INSTRUCTIONS TO FOLLOW
Quote, word for word, only the lines running from the line with "34-year-old patient 3" through the end of the listing. Leave out the pictures.
%%
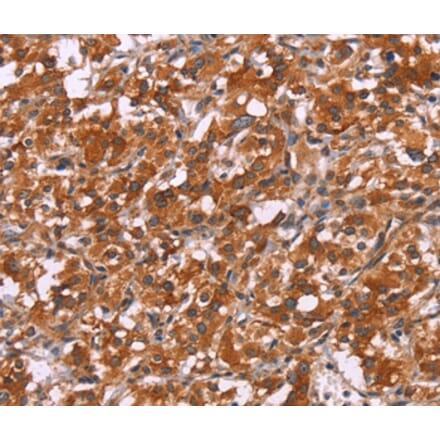 Immunohistochemistry - HSPB6 Antibody from Signalway Antibody (37637) - Antibodies.com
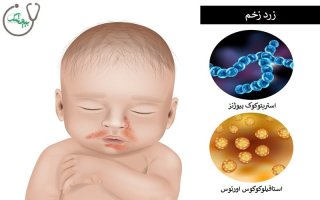 زرد زخم چیست؟ {روشهای درمان آن}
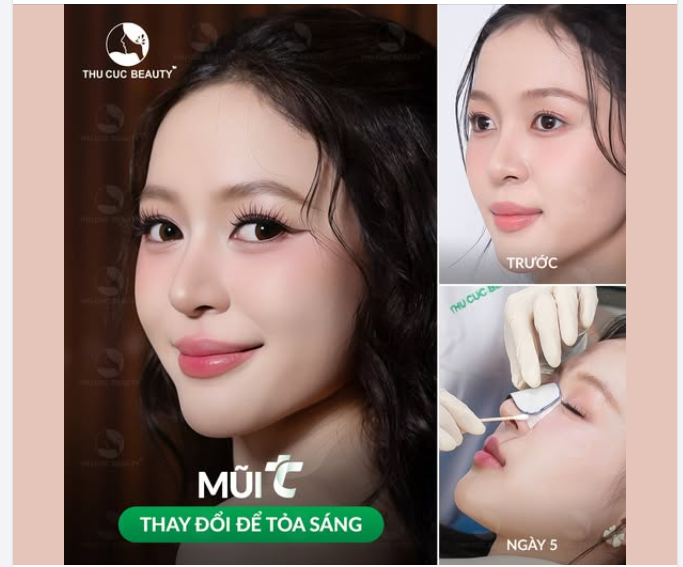 HH Kiều Duy chọn Mũi TC để hoàn thiện ngoại hình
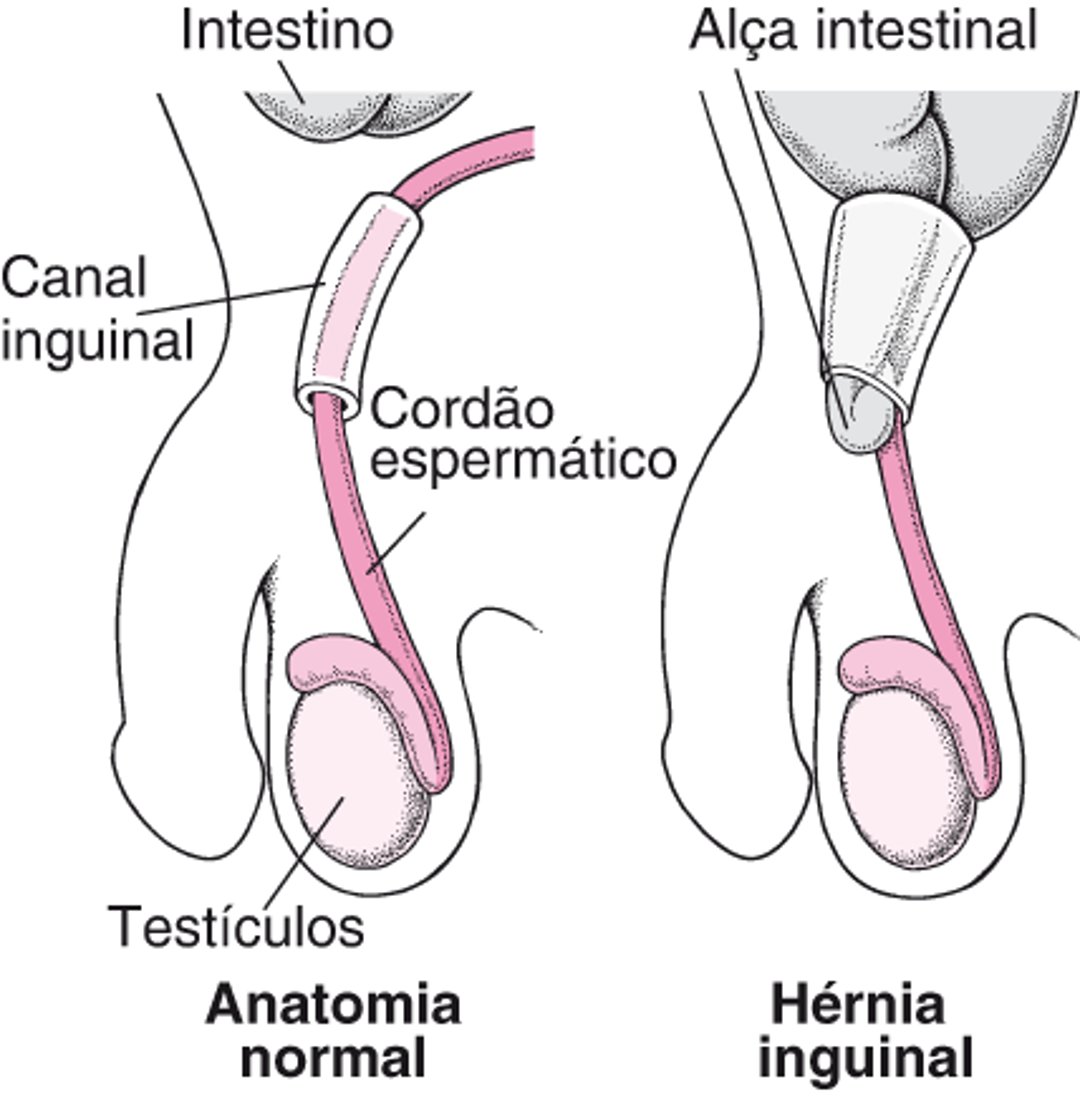 O que é uma hérnia inguinal?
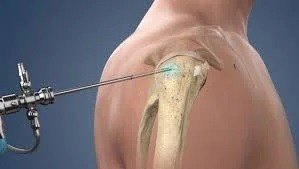 Shoulder Arthroscopy Treatment in Gurugram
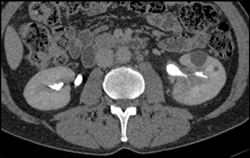 Transitional Cell Carcinoma of the Left Kidney - CTisus CT Scan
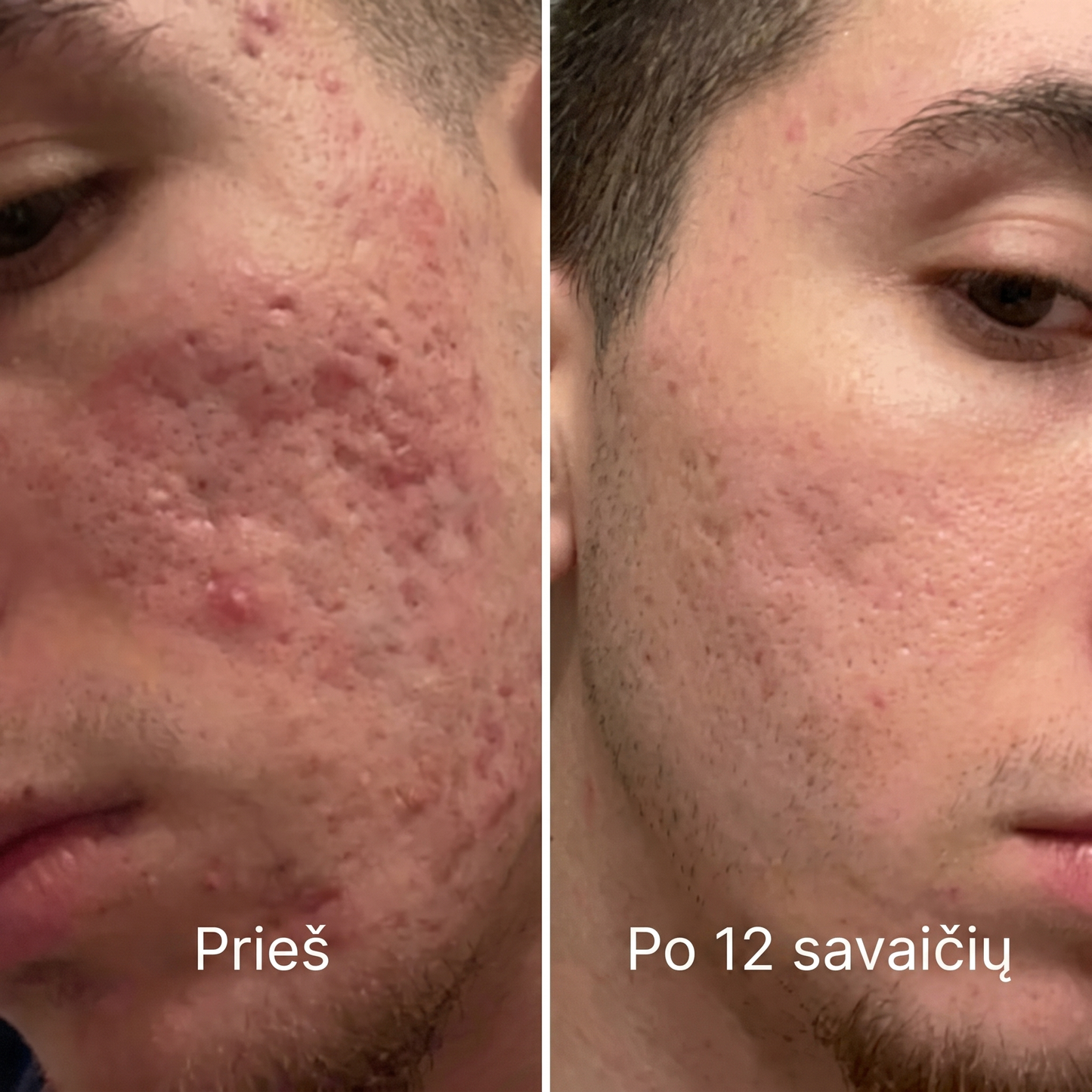 TIRO™ randų po aknės atkuriamasis pieštukas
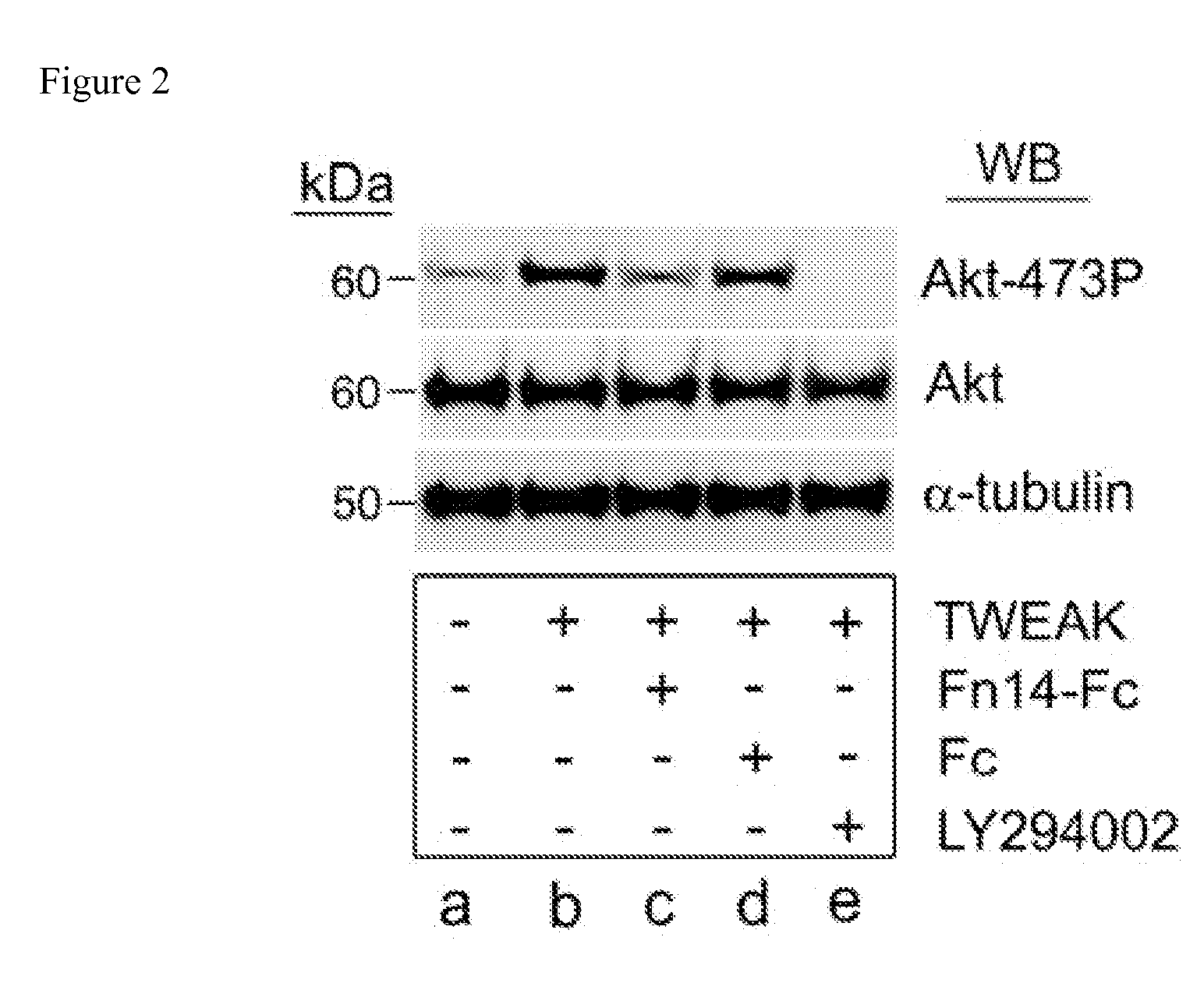 Methods and kits used in identifying glioblastoma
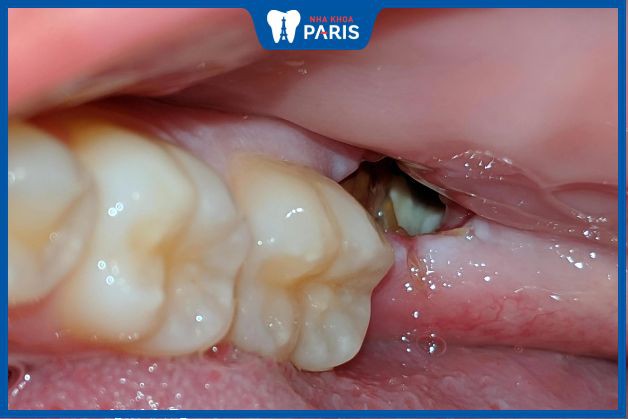 Khô ổ răng khôn dễ gặp và dễ gây biến chứng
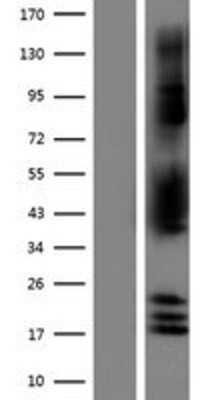 Western Blot: NDRG2 Overexpression Lysate [NBP2-10108]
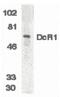 TNF Receptor Superfamily Member 10c antibody, PA5-19932, Invitrogen Antibodies, Western Blot image 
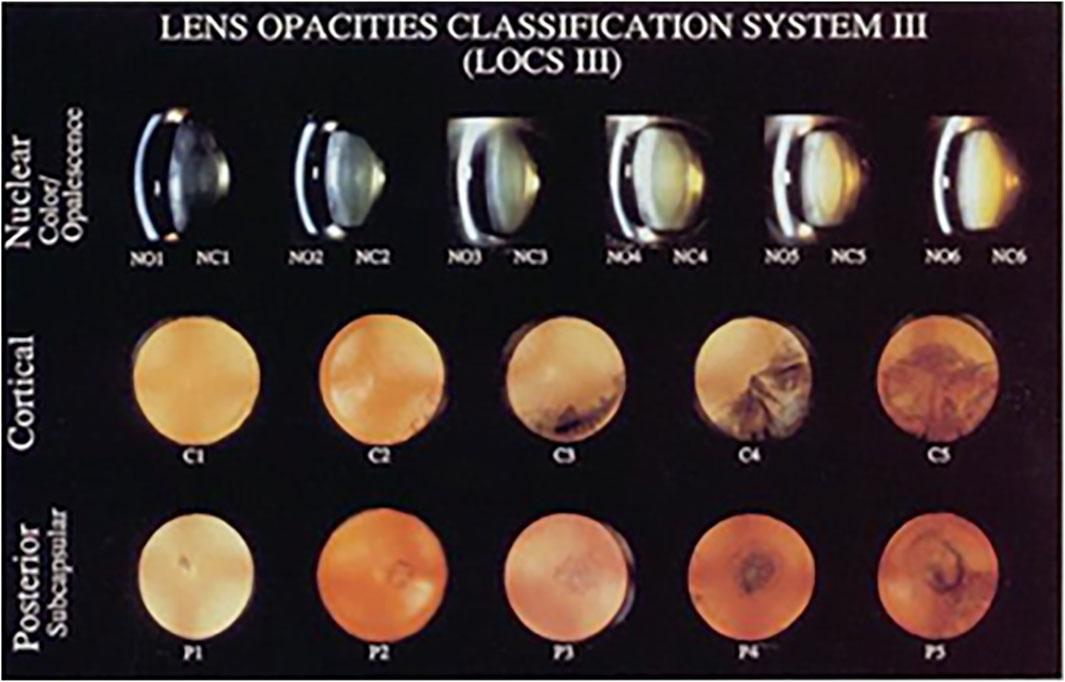 Lens Opacities Classification System III chart shows different stages of lens opacity. The top row depicts nuclear color/opalescence (NO1-NC6), the middle row represents cortical opacities (C1-C5), and the bottom row displays posterior subcapsular opacities (P1-P5). Each section illustrates varying levels of cloudiness or opacities within a lens.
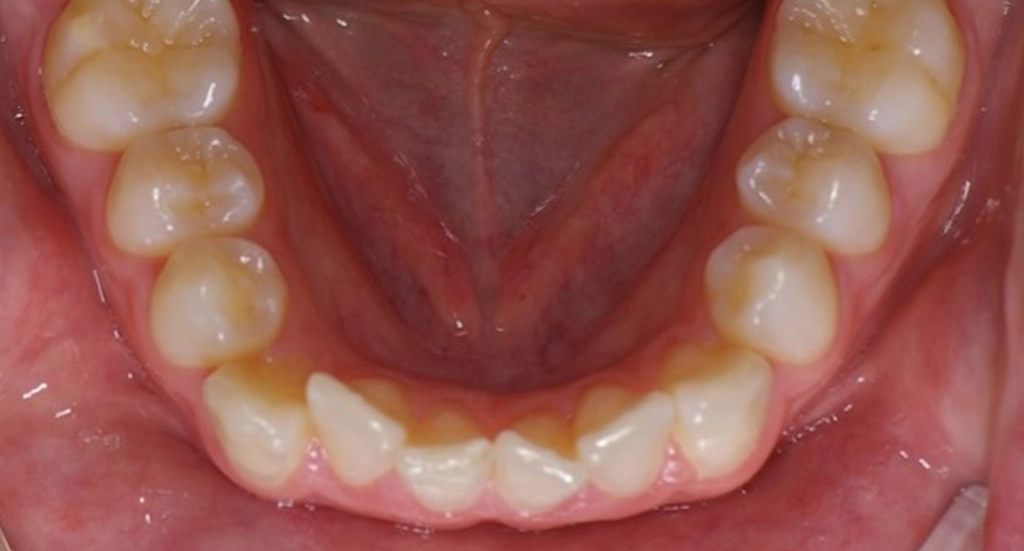 Invisalign4TeethBefore Invisalign4TeethBefore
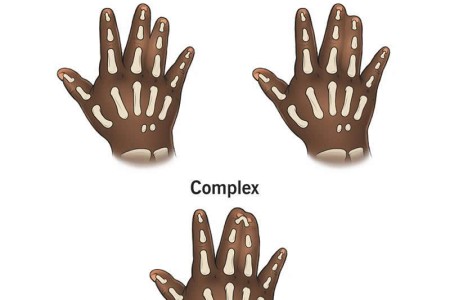 Syndactyly (Webbed Toes or Fingers)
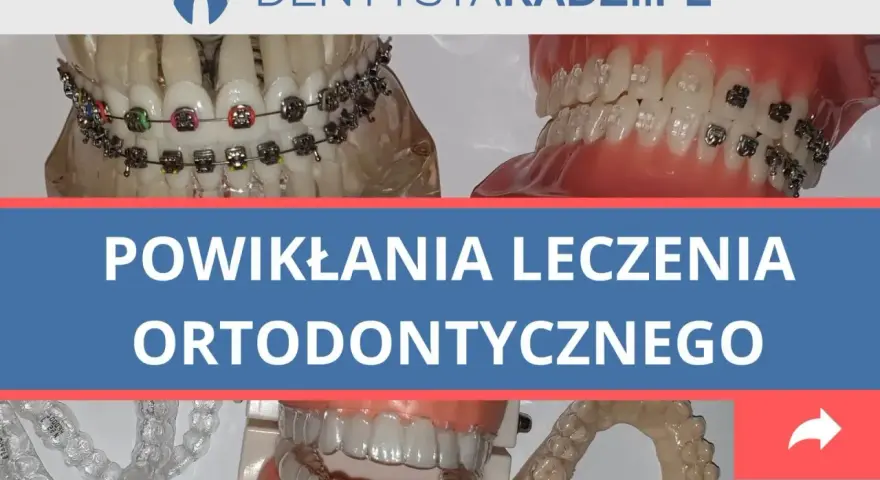 Ból zębów po aparacie? 7 szybkich ulg i co robić dalej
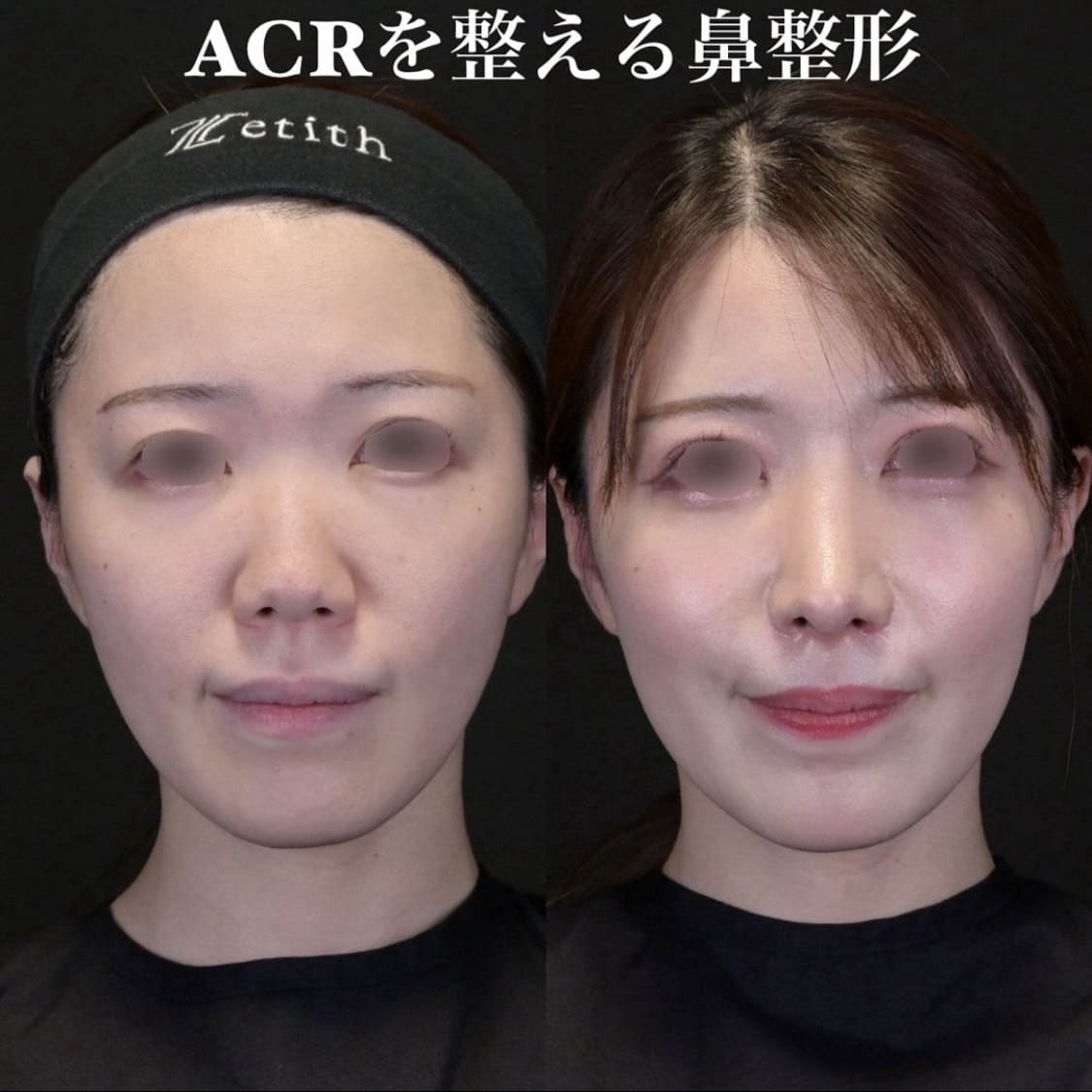 症例写真
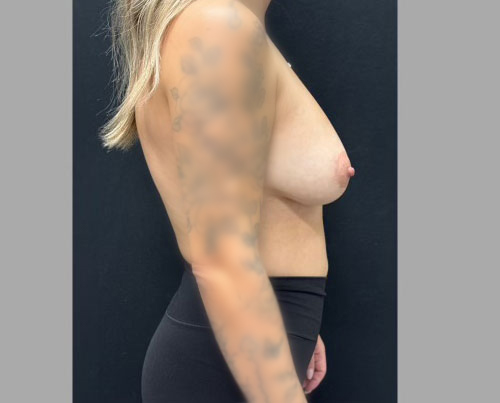 34-year-old patient 3 months after mastopexy and subfascial augmentation with low profile Sientra implants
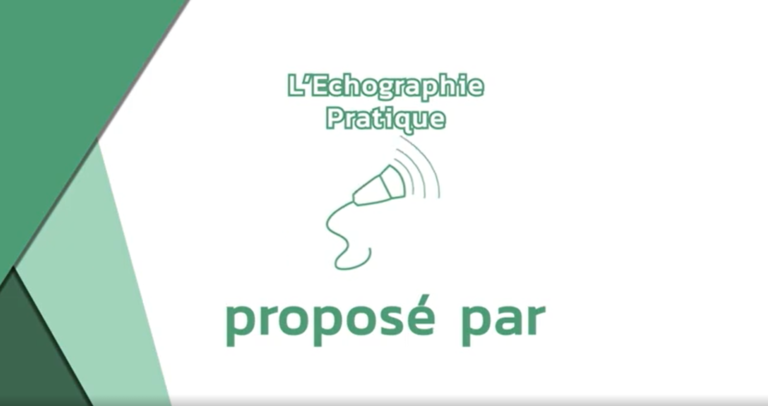 echographie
%%
WRITTEN ANSWER
 34-year-old patient 3 months after mastopexy and subfascial augmentation with low profile Sientra implants
 echographie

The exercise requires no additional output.